Monday, August 15, 2016
A Special Time
It did not take long for the world and the Church to change. In November of my novitiate year president Kennedy was assassinated. Shortly after my first profession the vernacular language was introduced into the liturgy and the altar was turned to face the people. As my seminary years progressed up to my ordination in May, 1971, the world and the country were in turmoil over the Vietnam war, protests were going on over that, and then the civil rights movement took hold. In 1968, at the end of my first year of theology, both Martin Luther King, Jr., and Bobby Kennedy were assassinated. As I completed my theological studies a human landed on the moon and turmoil continued.
I won't list the all of the further changes that took place, but events like 9/11 certainly come to mind, a shocking time for the world, and a day on which we lost a wonderful friar, Fr. Mychal Judge, OFM.
With all of the political and ecclesiastical changes that place there also came microwave ovens, computers, smart phones and all sort of technological advances. Certainly in August of 1963 I did not know what a blog was, and here I am writing on one.
Needless to say my understanding of being a friar, of wearing this brown habit with its cord and hood, has grown as well.
In spite of all that change there are several things that have remained constant about being a Franciscan:
1. Fraternity. We are a brotherhood. The call of the Second Vatican Council to return to the spirit of our founder has deepened our sense of what this means. We are less institutional than we were before, but this quality of brotherhood (sisterhood for the Franciscan sisters) is a real, tangible and important part of my life. My brothers have stood by me, and I by them, through thick and thin. That will be true even as a move into old age. (At 71 I'm notold yet). That is a blessing.

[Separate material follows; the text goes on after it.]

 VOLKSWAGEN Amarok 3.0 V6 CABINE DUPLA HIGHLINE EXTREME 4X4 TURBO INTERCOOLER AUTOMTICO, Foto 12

2. Minority. The M in OFM stands for MINOR. At the time of St. Francis there were two classes of people, the MAIORES, or powerful ones, and the MINORES, the little, ordinary people. This latter group not only included the very poor, but also those who were excluded in some way, who did not have a say, those whom Pope Francis names as those living on "the peripheries" of society. For me, though like other first world friars I struggle to truly be a minor, my encounters with folks in places like Buffalo, NY, Camden, NJ, the Bronx, Bolivia, Honduras and mid-town Manhattan as well as many of my students at Columbus High School in Boston's North End, have given me a more compassionate heart and have brought me closer to Christ. Speaking of Pope Francis, his message is only calling us to deepen our living of this quality of minority.
3. Prayer. Obviously as a priest and religious prayer is important. While my own fidelity to prayer can always improve, it is the glue that holds our life together. In addition to personal prayer I am finding in recent years that the steady and ongoing participation in community prayer, the Divine Office, even when at times it can be celebrated better, is an ongoing reminder that faith is what makes our life tick, that our brotherhood/sisterhood is based on being children of one God.
Indeed the world is much different than it was in 1963. I celebrate these days not as some type of accomplishment on my part, but in gratitude to God whose grace has made it all possible.